We slowly make our way down the mountain again, stopping in at a local restaurant for chicken roasted with wild bumblebee honey gathered by local farmers before arriving at the impressive 81 metre high Tawangmangu Falls, where we pretend not to be intimidated by the wild monkeys that reign supreme at their base.

By dusk we’ve crossed the plains and made good time up modern, quiet highways into another mountain range, at the border between Central and East Java. At a trucker’s coffee shack we take a break and sip thick, black Javanese coffee, watching as clouds roll down the mountainside and a troop of crab-eating macaques call to each other across the valley, a weathered Chinese gateway the only sign we’re passing from one province to another. Within an hour we’re checked in at the beautifully-maintained, Thunderbirds-esque Sarangan Lake Hotel sipping chilled Bintang beer on a terrace overlooking the lake’s water, waited on by two old gents in impeccable traditional Javanese suits and peaked caps.

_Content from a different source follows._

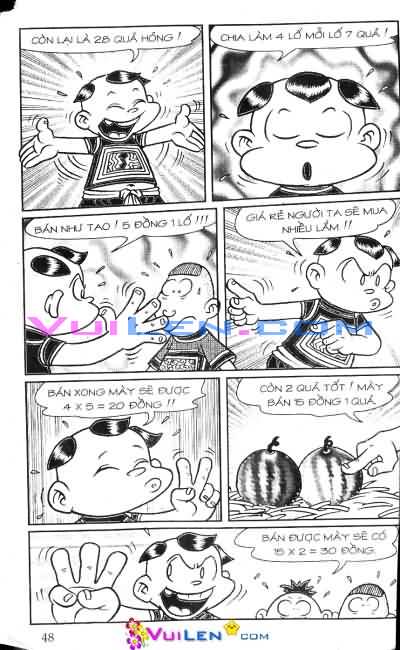 Đọc Truyện Thần Đồng Đất Việt Tập 23: Trái Tim Sửu Ẹo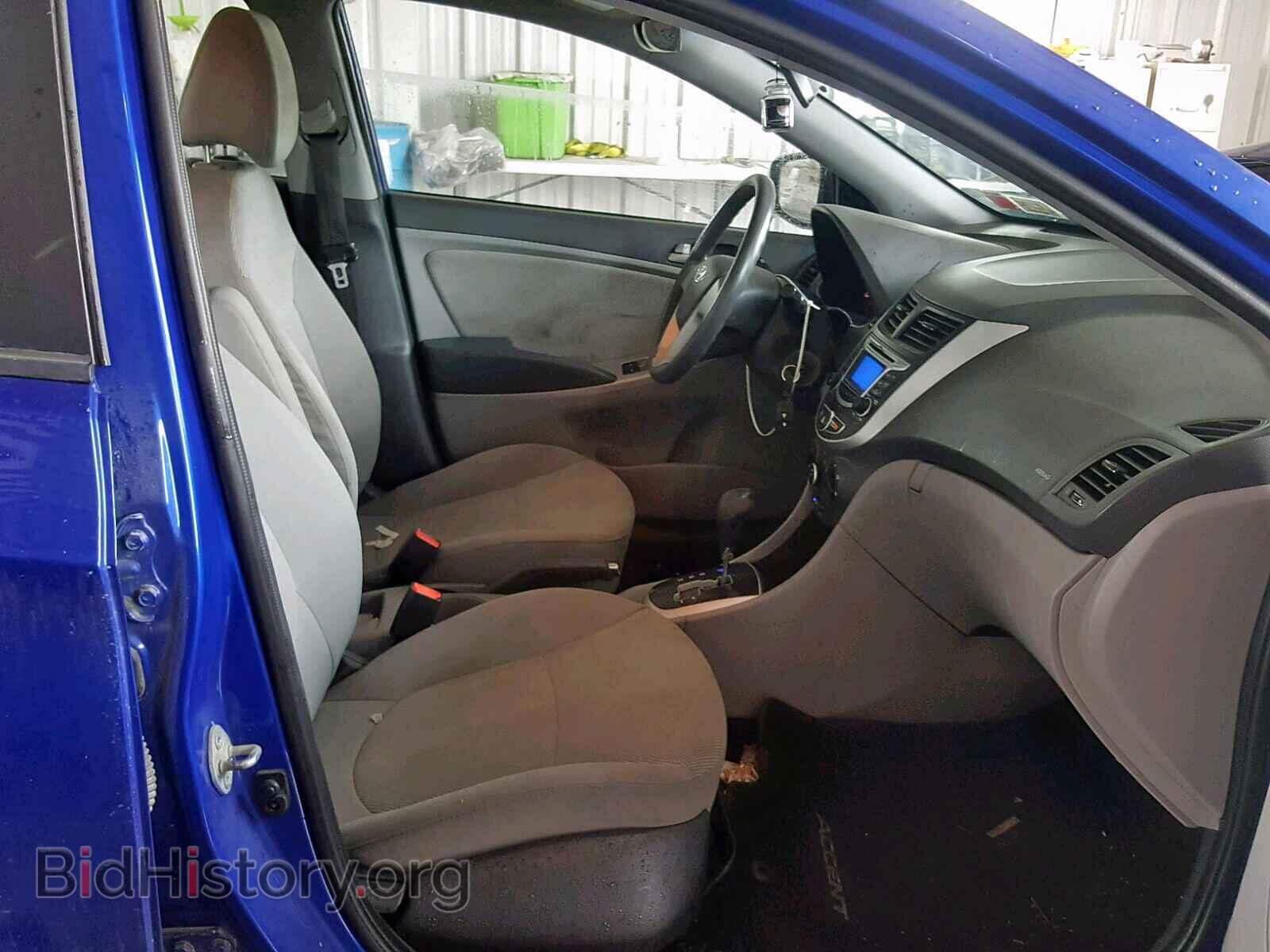 2013 HYUNDAI ACCENT - VIN: KMHCT4AE0DU556664 - Фото 5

After a day’s ride across a plateau dusted with fresh volcanic ash from Mt Kelud’s latest tantrum, we reach Mt Bromo, climbing to the rim of the Tengger massif before crossing the Sea of Sand, a vast, protected sea of volcanic ash that curls around the base of the active volcano. My bike’s clutch gives in after days of hard riding, but fortunately a friendly local in an ancient bright red Land Cruiser offers a hand, and I meet up with the rest of the group on the other side, at one of the small hotels that cater to Bromo-bound travellers.

At 2329 metres high, Mt Bromo is not Java’s tallest active volcano, but it’s certainly its best known and most visited, and the tiny hotels perched on its crater rim fill up weeks in advance. It is pitch dark and remarkably cool at 3.30am the next morning when we ‘mount up’ once again, temporarily exchanging bikes for seats in a long convoy of boxy short-wheelbase Land Cruisers that wind their way through the darkness, around the crater’s edge and on to a viewing point on the higher Mt Penanjakan — just in time for sunrise. The sun kisses the volcano’s slope with golden light, casting its rocky ravines in shadow, a steady plume of smoke at its summit a warning that the peak remains active, having last erupted in 2012. Behind it another active peak, Mt Semeru, also broods quietly.

Sunrise, then the drive back across the Sea of Sand — past the weathered remains of a Hindu Temple and herds of stout ponies carrying tourists up to the crater’s edge — is a brilliant climax to our journey. We return to the hotel for breakfast and to pack, exhausted and elated in equal measure. For five sometime-riders, this has been a challenge that we faced head-on; a test of resilience, rewarded with sacred sites, superb landscapes and welcoming people.